__Material provided__
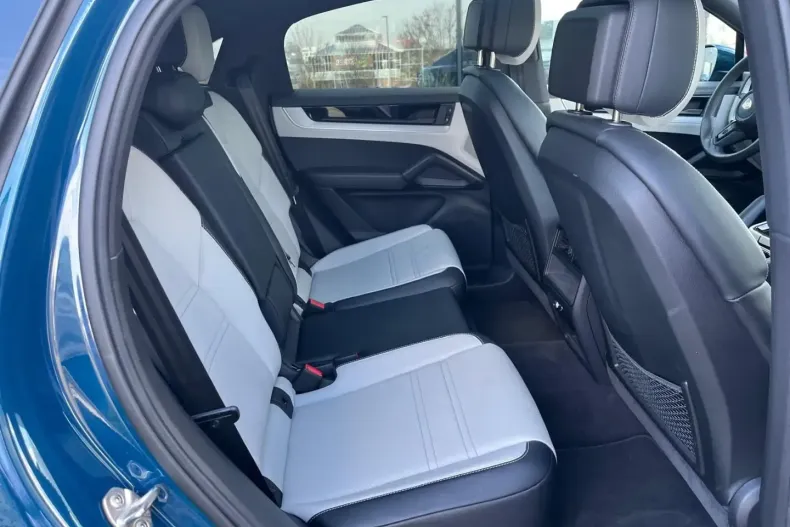 Porsche Cayenne din 2024 cu 25.000 km - oferta POR126767 - foto 12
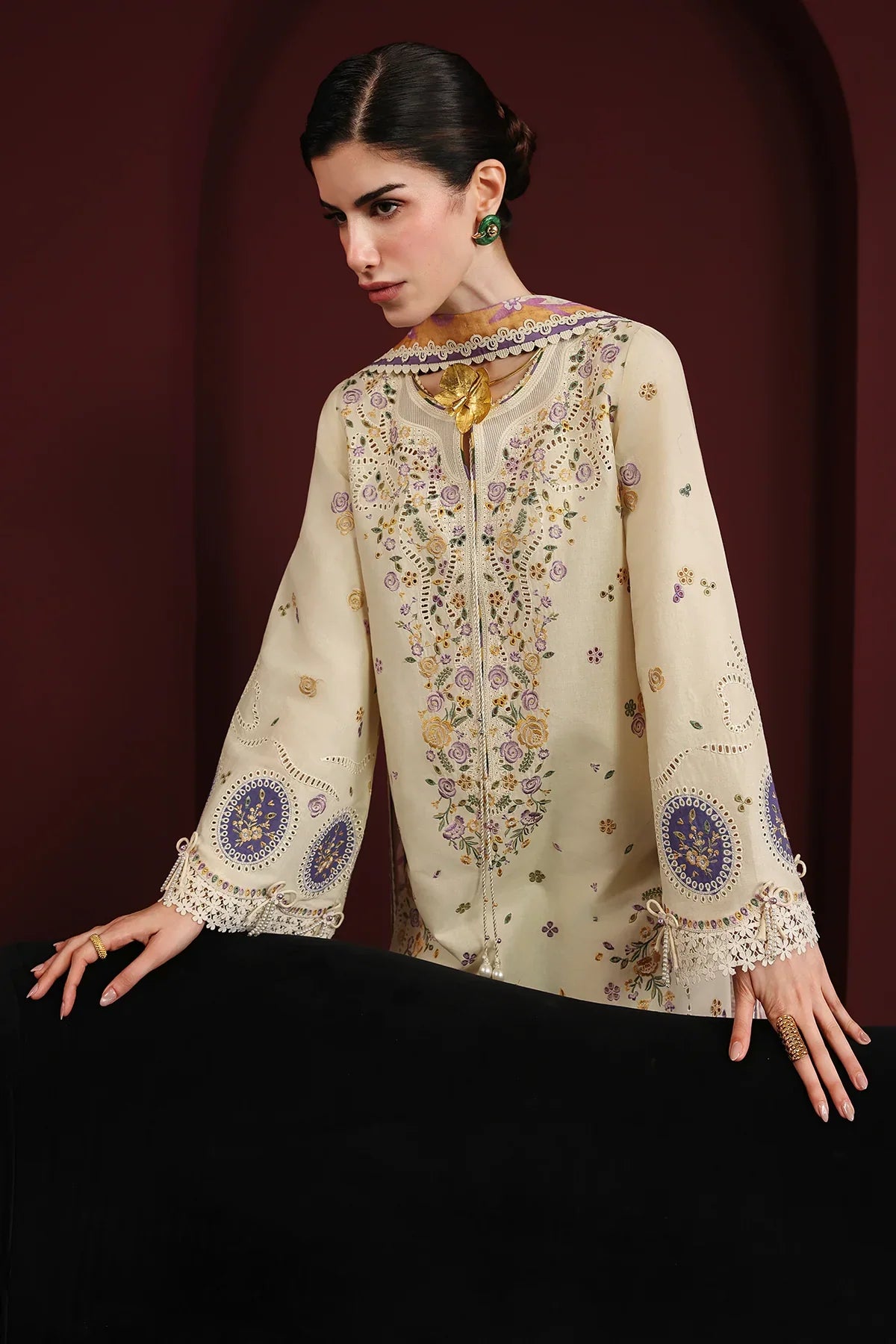 EMBROIDERED LAWN IL26-D01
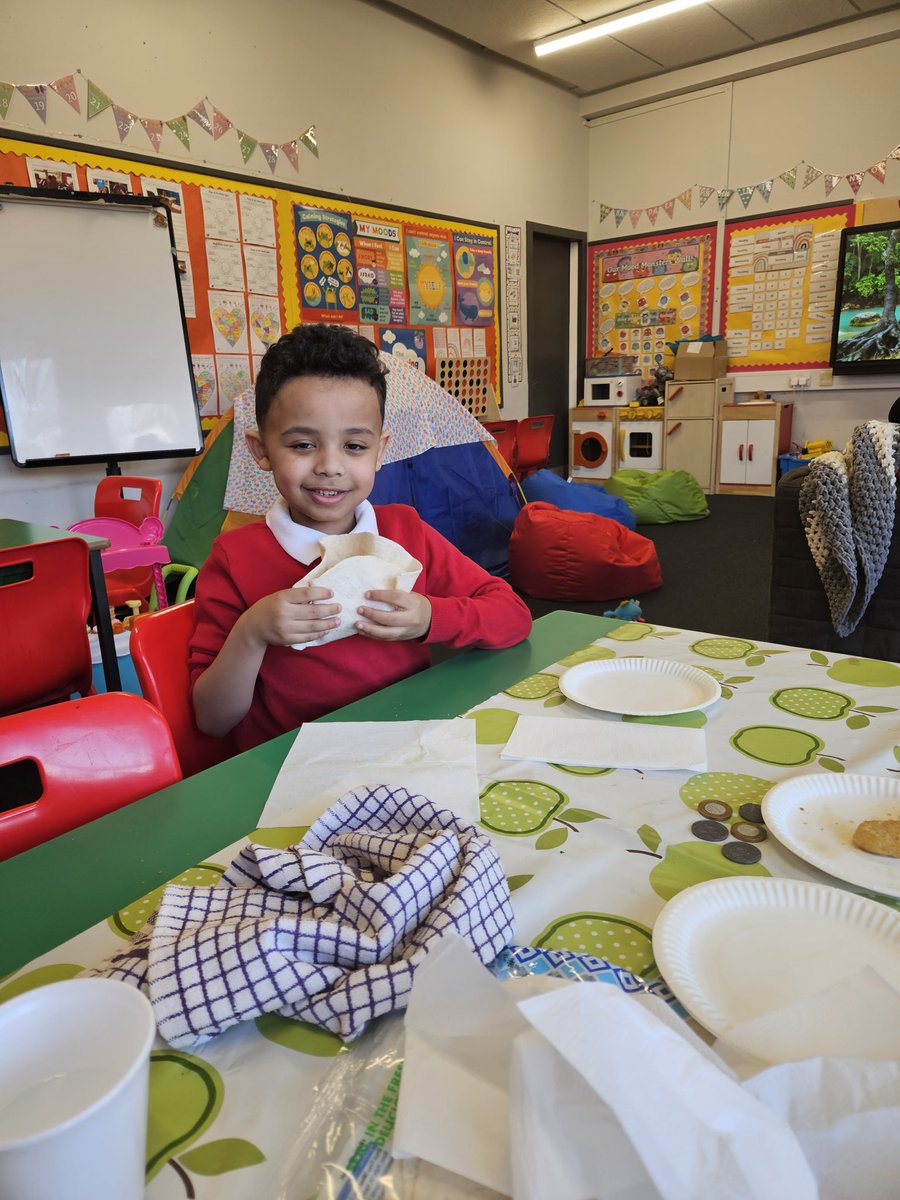 The Hive children enjoyed making quorn nugget and tuna wraps today. They also learned new skills, cutting up the tomato and cucumber #HealthyEating #skillsforlife <a href="/CorpusChristi_K/">Corpus Christi PS</a>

__Exercise__
The lines to write out are those from the first line of the listing above through the line bearing "EMBROIDERED LAWN IL26-D01", both included, copied exactly with pictures dropped.

__Answer__
 Porsche Cayenne din 2024 cu 25.000 km - oferta POR126767 - foto 12
 EMBROIDERED LAWN IL26-D01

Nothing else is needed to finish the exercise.